Hue Shifts with Brightness
The same hue looks different at different luminance levels — not just lighter or darker, but a different color
Slide through different hues and watch the lightness ramp. At lower lightness values, reds can appear to drift toward deeper crimson. At higher lightness, they shift toward orange or yellow. Blues intensify toward violet at low lightness and shift toward cyan at high lightness. These are not rendering artifacts — they reflect how the human visual system processes hue at different luminance levels.
Bezold-Brücke Shift
Discovered in the 19th century and confirmed by modern psychophysics, this effect shows that hue perception is not independent of luminance. When you lighten or darken a color to create tints and shades, you are not just changing brightness — you are subtly changing the perceived hue. This explains why a brand red that looks perfect at medium lightness may appear slightly orange when used as a highlight tint. Always verify that your lightest and darkest tints still read as the intended color family.
Designing for Perception
Practical rules for building palettes that work across contexts
Never Use One Palette for Both Modes
Light and dark modes are different perceptual environments. Create separate palette variants that account for the Stevens and Hunt effects. PerfectPalette can evaluate both variants independently to ensure they each meet accessibility thresholds.
Test Colors in Context
A swatch in your design tool looks different than the same color surrounded by your actual UI elements. Always test palette colors on their intended backgrounds — what passes in a color picker may fail in your layout.

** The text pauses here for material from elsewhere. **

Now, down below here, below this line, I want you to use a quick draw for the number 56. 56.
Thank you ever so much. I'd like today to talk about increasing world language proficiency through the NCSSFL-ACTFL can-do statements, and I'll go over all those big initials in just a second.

Boost Saturation for Dark Mode
Increase saturation by 10–15% for accent colors in dark mode to compensate for the Hunt Effect. Without this adjustment, colors will appear washed out compared to their light-mode counterparts.

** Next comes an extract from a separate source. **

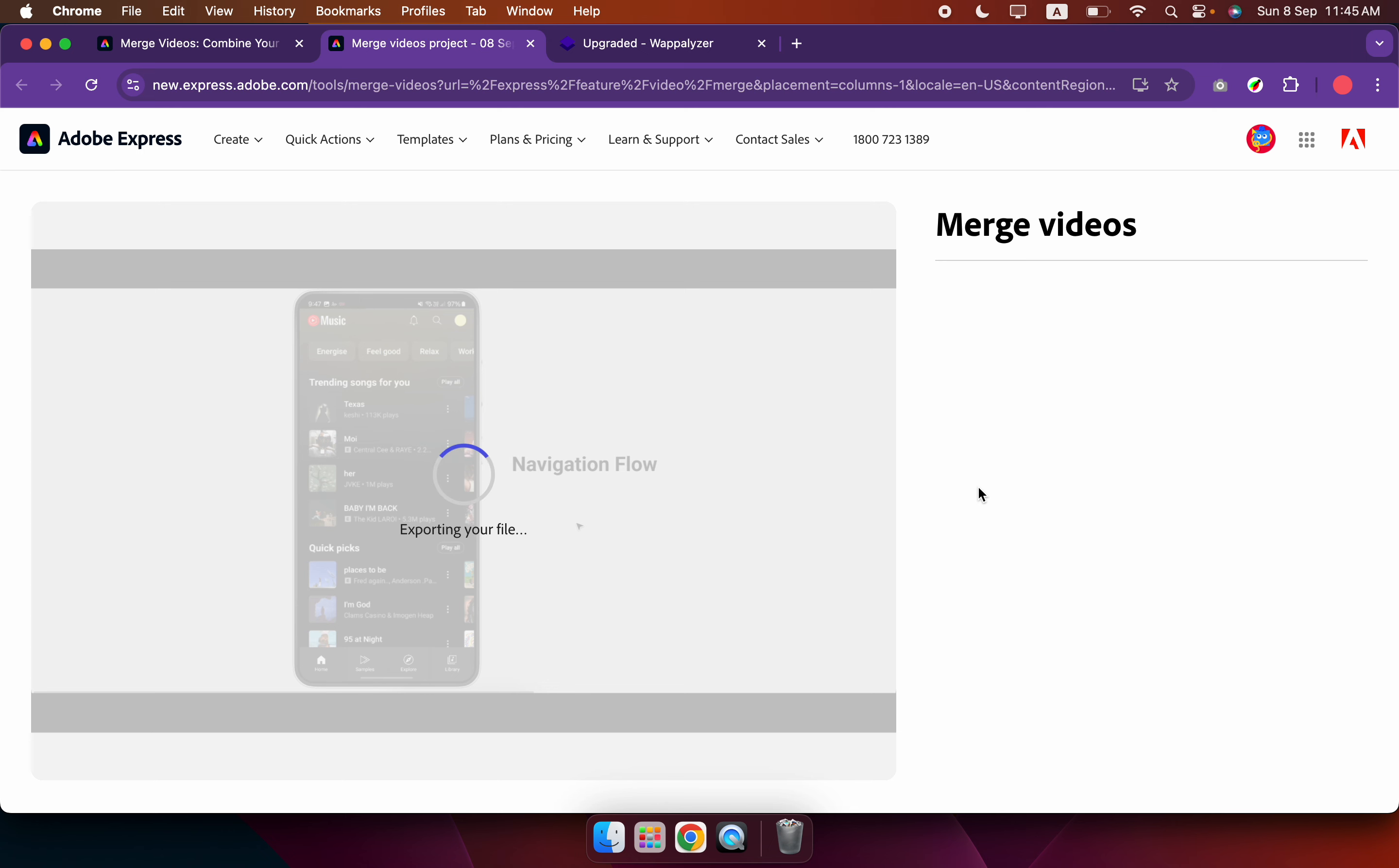Make sure you have an Adobe account for Adobe Express - you can register an account free. Now it's exporting the video.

Increase Contrast for Dark Mode
The Stevens Effect compresses perceived contrast in low-luminance environments. If 4.5:1 is your light-mode minimum, aim for 5.5:1 or higher in dark mode to achieve the same perceived separation between foreground and background.
Watch for Hue Shifts in Tint Ramps
The Bezold-Brücke shift means that tinting and shading a color can subtly change its perceived hue. Verify that your lightest and darkest tints still read as the intended color family, especially for brand-critical colors.